Sunday, October 10, 2010

Hang' em High


This summer, I discovered hanger steak. My butcher pointed to sinewy, marbled slabs that looked like they'd been hacked off the carcass with wild swings of a dull machete. Fantastic, he said.

I was skeptical, but decided to give it try. Boy, was he right. Two turns on a very hot grill transforms ugly duckling cut into a swan of steak: succulent, tender and tasty.

I improvised a rub that works beautifully: salt, pepper, minced garlic and chopped basil. Paint the cuts with olive oil and rub into the meat. No need to marinate. You can apply right before grilling.

FYI, the cuts tend to be thin so they cook quickly, about three minutes a side for rare, about a minute longer for medium rare. As always, use your judgment. Rest 5 minutes, 10 if possible, before serving (I wrap in tin foil to keep it warm).

We had what was probably our last hanger steak grill of the year last night. Superb.

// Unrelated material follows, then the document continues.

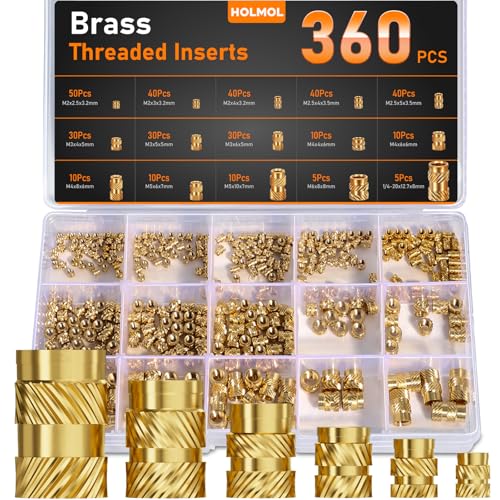 Gewindeeinsatz 360 Stück Set, HOLMOL Messing Einschmelzgewinde M2 M2.5 M3 M4 M5 M6 für Kunststoff, Gerändelt Einpressmuttern für 3D Druck Zubehör und DIY Projekte, Gewindeeinsätze mit Box von HOLMOL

Wednesday, October 6, 2010

LaChoy Makes Chinese Food . . . .


My family recently visited the newly opened Museum of Chinese in America in New York City. It's excellent, chronicling the history of the Chinese in America from the California Gold Rush through the exclusion era and into today.

One of the more interesting sections was on Chinese food in America. For most of American history, Chinese couldn't own land and were formally or informally excluded from many businesses and professions. Restaurants, along with laundries, were one of the few businesses open to them.

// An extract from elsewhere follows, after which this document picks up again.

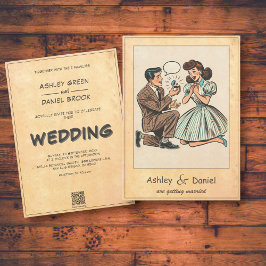 Invitación Vintage Whimsical Pareja Propuesta Comic Boda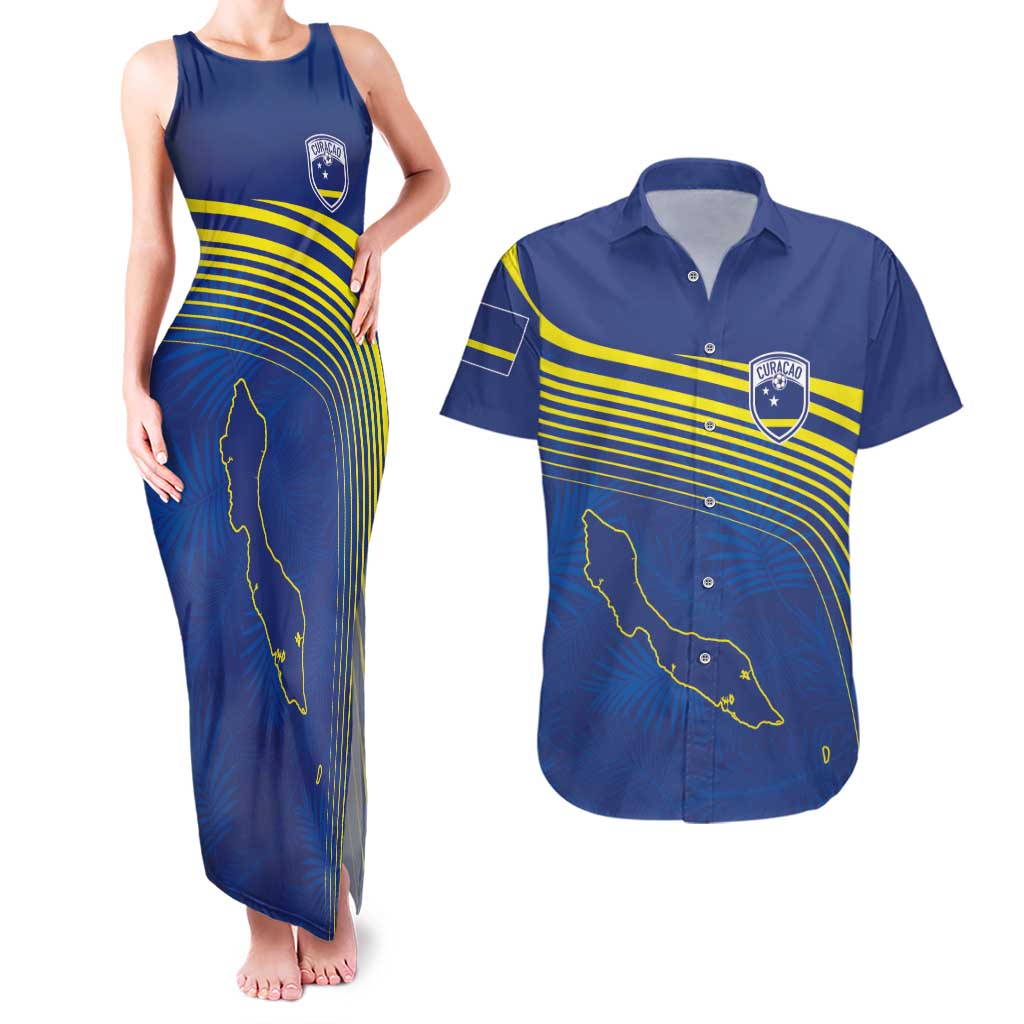 Curacao Football Custom Korsou Blue Wave Couples Matching Tank Maxi Dress and Hawaiian Shirt Making History - Wonder Print Shop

Of course, the food they served often had only tenuous connections to China. Chop Suey, for example, was invented in the United States. Chinese restaurants inevitably catered to the western preconceptions of the "exotic" and "mysterious" East: women in silk dresses embroidered with dragons, pagoda lanterns, smiling, obsequious wait staffs.

And then there was Chinese cooking at home, pioneered by companies like LaChoy, founded in the 1920s by a white man and a Korean, but hey, is America. Their products included gut-wrenching chow mein in a can and frozen egg rolls.

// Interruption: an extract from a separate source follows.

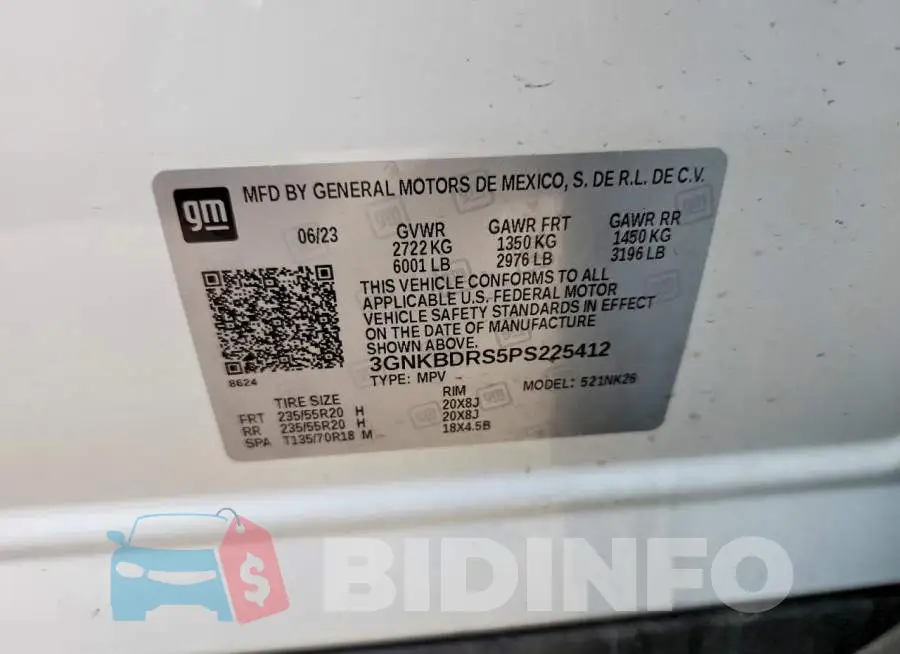 3GNKBDRS5PS225412 Photo# 14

The museum had a particularly frightening chop suey recipe from the 1950s or 1960s like the one pictured above calling for sauteing hamburger and vegetables in butter and then adding noodles. It's as if someone irradiated Chinese food to produce grotesque mutations, the culinary equivalent of a cow with three heads and one eye.

Let's not forget the marketing. I'm old enough to remember this LaChoy "Swing American!" commercial from the late 1960s. Watching it, I can't decide whether to heave and cringe. Which is worse, the food or the stereotyping, borderline racism? Artifacts like these show how far we've come in the last 40 years.

As with so much, the 1970s were the turning point for Chinese Americans and Chinese cuisine in America. As barriers fell and stereotypes waned, people, at least on the coasts, became open to more authentic Chinese food. The days of "ancient Chinese secret" are, thank God, gone (I remember this commercial too).